The bill's sponsors and the Tennessee Mining Association would like us to believe that taking over the coal program would cost the state little to no money. They say federal government funding, fees from mine permit applications and the coal severance tax would pay for the program. The reality is that coal mining has drastically declined in Tennessee and will therefore be unable to provide adequate funding for a new regulatory program.

Transferring regulatory authority to the state will do nothing to revive coal mining in Tennessee. Market-wide economic forces are responsible for the decline in coal production seen across Appalachia, and more mines being idled or closed every week.

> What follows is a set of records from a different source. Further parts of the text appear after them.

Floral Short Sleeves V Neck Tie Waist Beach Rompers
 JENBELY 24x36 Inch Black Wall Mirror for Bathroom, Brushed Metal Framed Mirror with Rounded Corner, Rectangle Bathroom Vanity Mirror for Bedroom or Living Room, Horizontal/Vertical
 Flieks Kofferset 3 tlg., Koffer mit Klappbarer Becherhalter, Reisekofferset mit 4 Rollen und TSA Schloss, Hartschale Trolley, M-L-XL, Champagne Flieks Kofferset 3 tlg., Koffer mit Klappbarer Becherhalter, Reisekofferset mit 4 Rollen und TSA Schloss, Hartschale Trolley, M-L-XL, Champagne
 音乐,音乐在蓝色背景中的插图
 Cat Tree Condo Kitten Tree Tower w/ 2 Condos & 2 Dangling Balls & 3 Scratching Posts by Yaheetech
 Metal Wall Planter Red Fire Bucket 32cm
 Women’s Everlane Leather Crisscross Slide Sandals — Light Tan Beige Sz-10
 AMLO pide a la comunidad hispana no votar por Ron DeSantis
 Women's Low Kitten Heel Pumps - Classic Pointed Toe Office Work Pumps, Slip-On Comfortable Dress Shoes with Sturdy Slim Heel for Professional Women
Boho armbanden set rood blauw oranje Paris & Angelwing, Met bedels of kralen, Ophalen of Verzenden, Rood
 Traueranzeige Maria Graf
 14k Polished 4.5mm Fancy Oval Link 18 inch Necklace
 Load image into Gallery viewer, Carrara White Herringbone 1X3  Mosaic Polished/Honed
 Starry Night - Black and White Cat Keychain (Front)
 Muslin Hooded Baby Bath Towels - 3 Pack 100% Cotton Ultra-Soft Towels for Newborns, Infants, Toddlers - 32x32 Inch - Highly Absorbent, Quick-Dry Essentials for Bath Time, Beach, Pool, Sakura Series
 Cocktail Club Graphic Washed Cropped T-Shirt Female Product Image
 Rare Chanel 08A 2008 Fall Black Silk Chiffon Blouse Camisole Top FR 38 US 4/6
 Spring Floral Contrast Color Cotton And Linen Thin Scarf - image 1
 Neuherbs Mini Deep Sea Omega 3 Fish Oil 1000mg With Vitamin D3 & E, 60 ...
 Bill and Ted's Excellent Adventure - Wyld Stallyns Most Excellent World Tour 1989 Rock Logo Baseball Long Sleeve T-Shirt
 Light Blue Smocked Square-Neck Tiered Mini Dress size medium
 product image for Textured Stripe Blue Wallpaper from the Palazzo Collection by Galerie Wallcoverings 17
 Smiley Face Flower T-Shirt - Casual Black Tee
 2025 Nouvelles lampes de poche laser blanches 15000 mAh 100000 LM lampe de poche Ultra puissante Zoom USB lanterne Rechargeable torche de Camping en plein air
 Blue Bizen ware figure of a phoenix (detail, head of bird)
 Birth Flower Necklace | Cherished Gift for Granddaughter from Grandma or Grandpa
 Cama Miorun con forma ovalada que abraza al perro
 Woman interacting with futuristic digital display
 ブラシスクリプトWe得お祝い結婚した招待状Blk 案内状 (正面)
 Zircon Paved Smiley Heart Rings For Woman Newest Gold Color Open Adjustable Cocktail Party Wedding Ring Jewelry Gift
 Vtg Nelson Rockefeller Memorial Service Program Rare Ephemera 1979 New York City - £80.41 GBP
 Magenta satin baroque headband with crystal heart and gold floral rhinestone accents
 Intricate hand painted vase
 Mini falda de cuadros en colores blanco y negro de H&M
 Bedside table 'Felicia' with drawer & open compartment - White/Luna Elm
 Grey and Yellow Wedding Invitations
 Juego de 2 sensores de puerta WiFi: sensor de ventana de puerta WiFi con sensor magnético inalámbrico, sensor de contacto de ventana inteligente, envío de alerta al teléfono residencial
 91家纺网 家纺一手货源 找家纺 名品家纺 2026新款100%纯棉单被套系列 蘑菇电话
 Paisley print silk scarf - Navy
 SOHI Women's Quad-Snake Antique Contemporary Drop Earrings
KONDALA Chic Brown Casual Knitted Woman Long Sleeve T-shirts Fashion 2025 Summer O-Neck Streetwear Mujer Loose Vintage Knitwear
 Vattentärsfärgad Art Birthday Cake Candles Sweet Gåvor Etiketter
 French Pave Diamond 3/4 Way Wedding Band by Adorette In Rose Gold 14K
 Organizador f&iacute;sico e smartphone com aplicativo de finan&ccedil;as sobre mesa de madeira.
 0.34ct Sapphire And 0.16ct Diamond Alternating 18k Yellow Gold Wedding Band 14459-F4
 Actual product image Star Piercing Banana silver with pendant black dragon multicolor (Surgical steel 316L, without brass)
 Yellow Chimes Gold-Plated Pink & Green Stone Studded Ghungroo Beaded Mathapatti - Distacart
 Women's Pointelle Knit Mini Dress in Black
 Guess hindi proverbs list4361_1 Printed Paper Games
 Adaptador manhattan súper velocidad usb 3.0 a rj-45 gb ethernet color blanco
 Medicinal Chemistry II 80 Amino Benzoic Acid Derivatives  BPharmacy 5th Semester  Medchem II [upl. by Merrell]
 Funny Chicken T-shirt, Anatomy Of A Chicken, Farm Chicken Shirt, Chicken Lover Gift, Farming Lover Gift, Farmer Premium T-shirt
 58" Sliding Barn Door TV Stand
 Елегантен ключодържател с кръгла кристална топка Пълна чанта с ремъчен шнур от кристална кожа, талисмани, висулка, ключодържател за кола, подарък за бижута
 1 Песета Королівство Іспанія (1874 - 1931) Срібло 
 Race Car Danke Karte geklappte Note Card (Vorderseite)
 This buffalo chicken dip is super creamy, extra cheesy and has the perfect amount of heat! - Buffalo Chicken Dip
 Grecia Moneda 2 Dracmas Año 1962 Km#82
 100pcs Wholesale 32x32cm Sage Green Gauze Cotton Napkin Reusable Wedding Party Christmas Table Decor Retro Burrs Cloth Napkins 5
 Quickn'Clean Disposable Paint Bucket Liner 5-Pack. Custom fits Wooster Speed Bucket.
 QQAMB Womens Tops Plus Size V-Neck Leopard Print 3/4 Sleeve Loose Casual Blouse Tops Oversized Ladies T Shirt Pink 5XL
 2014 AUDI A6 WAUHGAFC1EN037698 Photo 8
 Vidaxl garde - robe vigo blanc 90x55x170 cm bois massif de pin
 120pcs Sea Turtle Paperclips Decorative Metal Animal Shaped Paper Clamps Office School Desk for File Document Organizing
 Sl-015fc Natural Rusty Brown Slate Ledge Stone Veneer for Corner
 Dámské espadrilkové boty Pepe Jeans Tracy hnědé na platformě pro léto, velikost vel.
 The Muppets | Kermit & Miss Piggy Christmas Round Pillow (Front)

Coal production in Tennessee has plunged 90 percent from its peak of 11 million tons in 1972 to about 0.5 million tons in 2017. Domestic coal consumption fell over the last two years and in 2017 power generation from coal was just 30 percent — the lowest ever recorded. According to the Energy Information Administration, coal exports are expected to decrease in 2018 and 2019.

There are only 3 mines actively producing coal in Tennessee today. Supporters of this legislation say mining would increase as soon as the state takes over the program, but the decline of the coal industry in our state is due to a shrinking market for the state's undesirable, high-sulfur coal, not regulatory hurdles.

A state program would cost taxpayers a lot of money. It would require hiring expert hydrologists, geologists, and field inspectors to create a new bureaucracy that replicates staff already in place at the federal Office of Surface Mining's Knoxville field office. In addition, the federal office will continue to monitor state compliance.

The federal mining act allows states to write state mining regulations that protect public health and safety and the water, air, and environment better than the federal minimum. This legislation, however, would forbid state regulations from protecting our communities more than federal law does now. This is a bad precedent, and the authority of the Tennessee Department of Environment and Conservation to protect our health and safety should not be restricted.

This legislation is an attempt to subsidize a failing industry that is being out-competed by natural gas and renewable energy. Instead, our government should focus on finding new ways to diversify the economy in our coalfield communities.

Gov. Haslam, please veto this bill.

D.J. Coker, a resident of Campbell County and a member of SOCM and the Alliance for Appalachia, is a coordinator with the Citizens Water Monitoring Project.